In [37]:
import os
import json
import csv

In [38]:
IMG_HEIGHT = 1350
IMG_WIDTH = 2400

In [39]:
def load_csv_data(csv_data):
    with open(csv_data, "r") as csv_file:
        csv_reader = csv.DictReader(csv_file)
        csv_data_list = list(csv_reader)
    return csv_data_list

In [40]:
def convert_to_coco_format(json_data, csv_data_list):
    coco_data = {
        "images": [],
        "annotations": [],
        "categories": []
    }

    categories_mapping = {int(key): value for key, value in json_data["detection_categories"].items()}
    category_id_counter = 1

    for image_data in json_data["images"]:
        image_id = len(coco_data["images"]) + 1

        image_info = {
            "id": image_id,
            "dir_name": os.path.dirname(image_data["file"]),
            "file_name": os.path.basename(image_data["file"]),
            "height": IMG_HEIGHT,
            "width": IMG_WIDTH,
            "rev": "",
            "station": "",
            "cam": "",
            "season": "",
            "day_part": "",
            "date_captured": "",
            "seq_id": ""
        }

        # Buscar datos del CSV para la imagen actual
        for row in csv_data_list:
            if row["path"] == image_data["file"]:
                image_info["rev"] = row["rev"]
                image_info["station"] = row["station"]
                image_info["cam"] = row["cam"]
                image_info["season"] = row["season"]
                image_info["day_part"] = row["day_part"]
                image_info["date_captured"] = row["date_time"]
                image_info["seq_id"] = row["seq_id"]
                break

        coco_data["images"].append(image_info)

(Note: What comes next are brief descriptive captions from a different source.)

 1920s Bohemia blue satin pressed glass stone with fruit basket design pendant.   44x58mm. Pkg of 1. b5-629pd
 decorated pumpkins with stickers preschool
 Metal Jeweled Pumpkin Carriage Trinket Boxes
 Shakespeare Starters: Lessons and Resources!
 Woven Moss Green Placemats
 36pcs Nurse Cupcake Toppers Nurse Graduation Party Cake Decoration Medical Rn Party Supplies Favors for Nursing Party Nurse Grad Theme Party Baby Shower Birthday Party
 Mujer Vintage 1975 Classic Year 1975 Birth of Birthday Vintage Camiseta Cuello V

        for detection in image_data["detections"]:
            category_id = int(detection["category"])
            category_name = categories_mapping.get(category_id, f"category_{category_id}")

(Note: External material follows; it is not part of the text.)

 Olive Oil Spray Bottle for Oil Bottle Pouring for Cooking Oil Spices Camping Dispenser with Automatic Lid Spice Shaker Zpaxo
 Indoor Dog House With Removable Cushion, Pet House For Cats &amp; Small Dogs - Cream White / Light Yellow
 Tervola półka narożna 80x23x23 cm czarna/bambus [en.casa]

            if category_id not in categories_mapping:
                categories_mapping[category_id] = category_name
                category_id_counter += 1

            bbox = detection["bbox"]
            annotation = {
                "id": len(coco_data["annotations"]) + 1,
                "image_id": image_id,
                "category_id": category_id,
                "bbox": [bbox[0], bbox[1], bbox[2], bbox[3]],
                "area": bbox[2] * bbox[3],
                "iscrowd": 0
            }
            coco_data["annotations"].append(annotation)

    for category_id, category_name in categories_mapping.items():
        category_info = {
            "id": category_id,
            "name": category_name,
            "supercategory": "animal"
        }
        coco_data["categories"].append(category_info)

    return coco_data

In [41]:
json_data_path = "../Data/JSONs/output_actualizado_con_categorias.json"
csv_data_path = "../Data/CSVs/dataset_ampliado_caltech.csv"

In [42]:
# Load the input JSON data
with open(json_data_path, "r") as json_file:
    input_json_data = json.load(json_file)

# Cargar los datos del CSV en una lista de diccionarios
csv_data_list = load_csv_data(csv_data_path)

# Convert the JSON data to COCO format
coco_data = convert_to_coco_format(input_json_data,csv_data_list)

# Save the COCO data as a new JSON file
with open("../Data/JSONs/output_coco.json", "w") as output_file:
    json.dump(coco_data, output_file, indent=4)